A fund-level feature provides a look-through on each portfolio holding, including how a manager has voted on all shareholder proposals, while a ‘stewardship insights’ feature enables clients to look across their entire stewardship data set and discover the most important votes cast by managers.
Ada Fintech then applies a “significance rating score” to enable investors to pinpoint material insights such as hidden votes and potential manager conflicts.
Voting data is provided by impact-focussed fintech firm Tumelo.
Paul Lee, head of stewardship and sustainable investment strategy at Redington, said the launch of the solution “signals a material shift in providing holistic access to investors on critical and complex stewardship data points such as voting and engagement records”.
Adam Jones, managing director at Ada Fintech and Redington CTO, said: “In a world where investors are expected to put increasing emphasis on evidencing research and holding managers accountable on ESG engagement, gaining access to the relevant data and insight remains a challenge.
“We have a responsibility to change that, and so have ploughed our combined technology and investment consultancy expertise into developing a meaningful, useable solution.”
Fidelity International, also working with Tumelo, last month announced the launch of a stewardship platform, a ‘Hub’ intended to enable pension scheme clients and trustees to receive details of the stewardship activities of their fund managers.
Guy’s & St Thomas’ Foundation increases impact investing allocation
Guy’s & St Thomas’ Foundation is allocating 10% of its £1bn (€1.2bn) fund towards impact investments in what is thought to be the largest such allocation by a UK charitable endowment.
Its current impact allocation is £22m.
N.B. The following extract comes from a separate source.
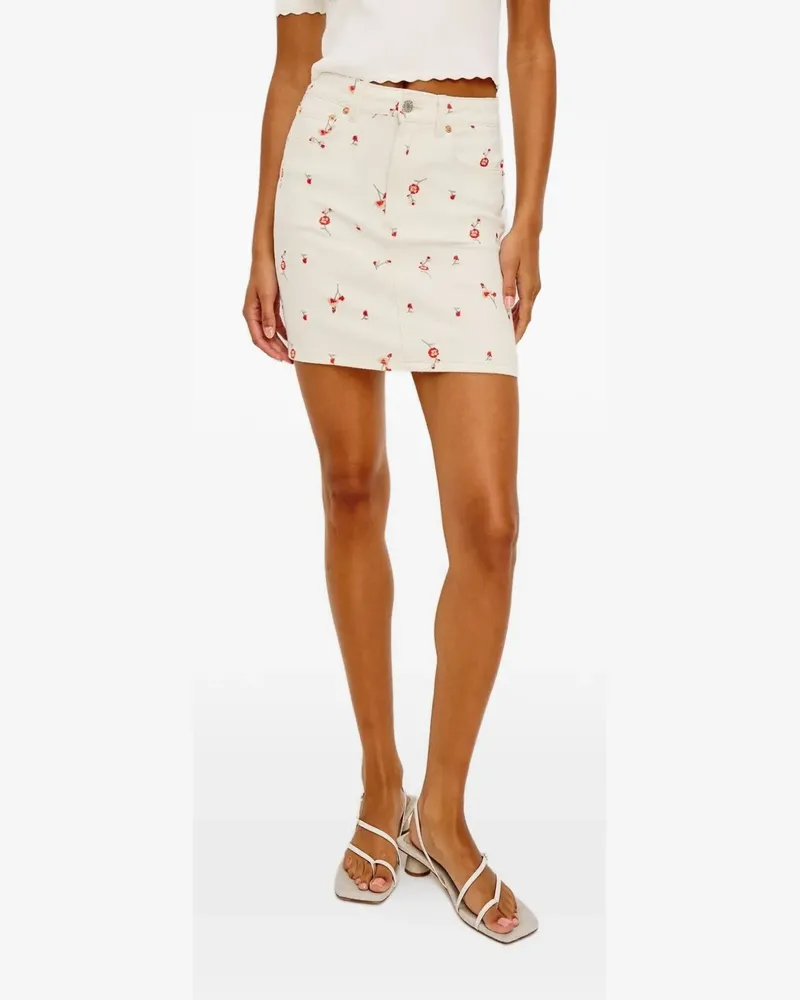 RAILS Burbank floral-print mini skirt - Nude Nude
The Foundation said that to achieve its 10% impact investments target it would accelerate its fund commitments to around £25m a year to funds focusing on health and its social determinants.
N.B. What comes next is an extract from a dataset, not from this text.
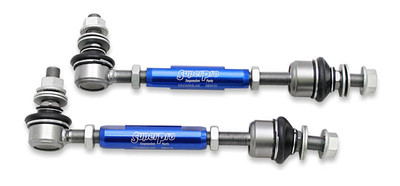 Superpro Fits 2003 Lexus GX470 Base Rear HD Adjustable End Link Set - 12mm Studs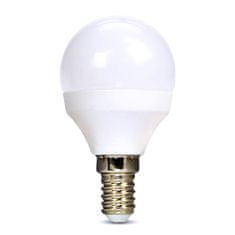 Solight LED žiarovka miniglobe matná P45 6W, E14, 6000K, 510lm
The updated strategy would also direct more capital from the endowment to “catalytic investment opportunities”, it said.
Across the impact investment portfolio the goal is to maximise the health impact while achieving a competitive average return that supports the endowment’s financial objective of annual returns of at least inflation plus 4%.
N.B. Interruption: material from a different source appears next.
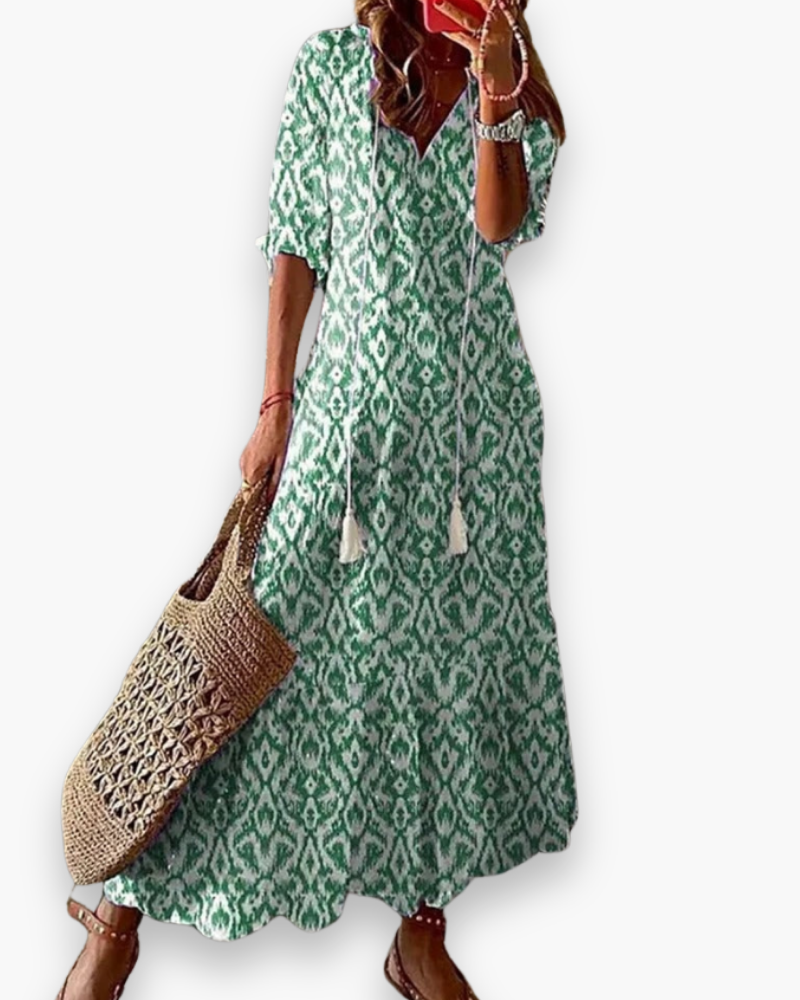 Bohemien zomerjurk voor dames | Luchtig en elegant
Ninety One, Newton ask oil and gas companies for just transition
Ninety One and Newton Investment Management have written to 100 of the world’s most influential oil and gas companies, urging them to consider and plan for the needs of their employees and the communities who stand to be negatively affected by an industry-wide transition to a low-carbon economy.
The letter is the first action by members of a multi-stakeholder coalition recently launched and facilitated by the World Benchmarking Alliance (WBA) to tackle the systemic lack of action by oil and gas companies to identify, prepare for and mitigate the social impacts of their low-carbon strategies.
This week’s investor letter begins a series of coordinated actions across stakeholder groups to incentivise positive change, according to the WBA.
The coalition will continue to engage with the 100 companies throughout 2022 ahead of the publication of WBA’s 2023 Oil and Gas Benchmark.
Survey: Nearly two-thirds of investor prefer active for ESG
Nearly two-thirds (63%) of investors prefer using active funds to integrate ESG, with equities (80%) over bonds (58%) being the most popular asset classes globally to gain ESG exposure, according to a new survey by Capital Group.
The survey was of 1,130 global institutional and wholesale investors, including pension funds, family offices and insurance companies, as well as fund of funds, retail/private banks and financial advisors, located in 19 markets around the world.
The survey also found that meeting client needs (27%) and making a positive impact (25%) are the most-cited motivations for adopting ESG.
However, North American investors attach much more weight to meeting client needs (42%), while European investors are most driven by making a positive impact (28%). Asia-Pacific investors cite improving performance (21%) as a primary reason for ESG adoption.